Start of RECORD EXCERPTS

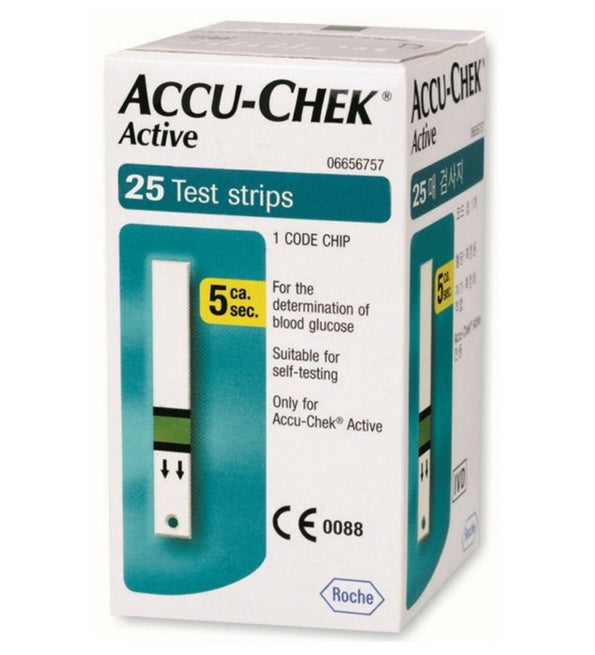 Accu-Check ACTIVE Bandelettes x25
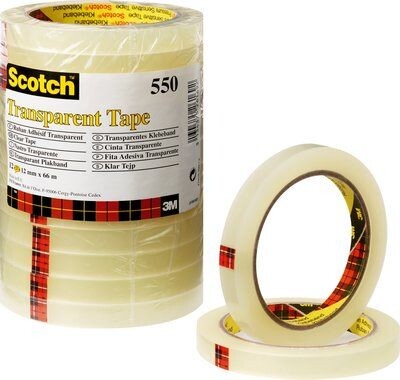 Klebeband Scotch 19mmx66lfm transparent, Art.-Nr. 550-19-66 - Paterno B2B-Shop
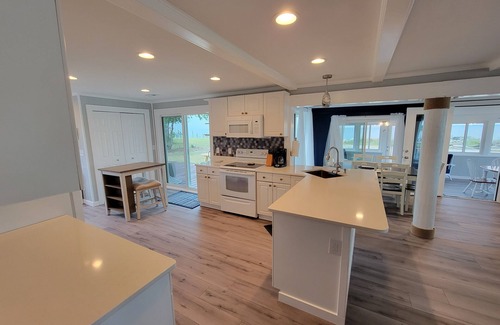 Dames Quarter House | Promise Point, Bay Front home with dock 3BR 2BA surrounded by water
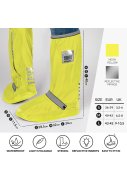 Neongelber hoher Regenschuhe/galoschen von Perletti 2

End of RECORD EXCERPTS
Start of RECORD EXCERPTS

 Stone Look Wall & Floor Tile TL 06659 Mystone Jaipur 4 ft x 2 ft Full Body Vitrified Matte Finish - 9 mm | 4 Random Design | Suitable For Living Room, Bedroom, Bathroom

End of RECORD EXCERPTS

◆ **YOUR INSTRUCTIONS**
How would the lines above read from the one with "Klebeband Scotch 19mmx66lfm" to the one with "Neongelber hoher Regenschuhe/galoschen von", inclusive, with no pictures? Write them out exactly.

◆ **ANSWER**
 Klebeband Scotch 19mmx66lfm transparent, Art.-Nr. 550-19-66 - Paterno B2B-Shop
 Dames Quarter House | Promise Point, Bay Front home with dock 3BR 2BA surrounded by water
 Neongelber hoher Regenschuhe/galoschen von Perletti 2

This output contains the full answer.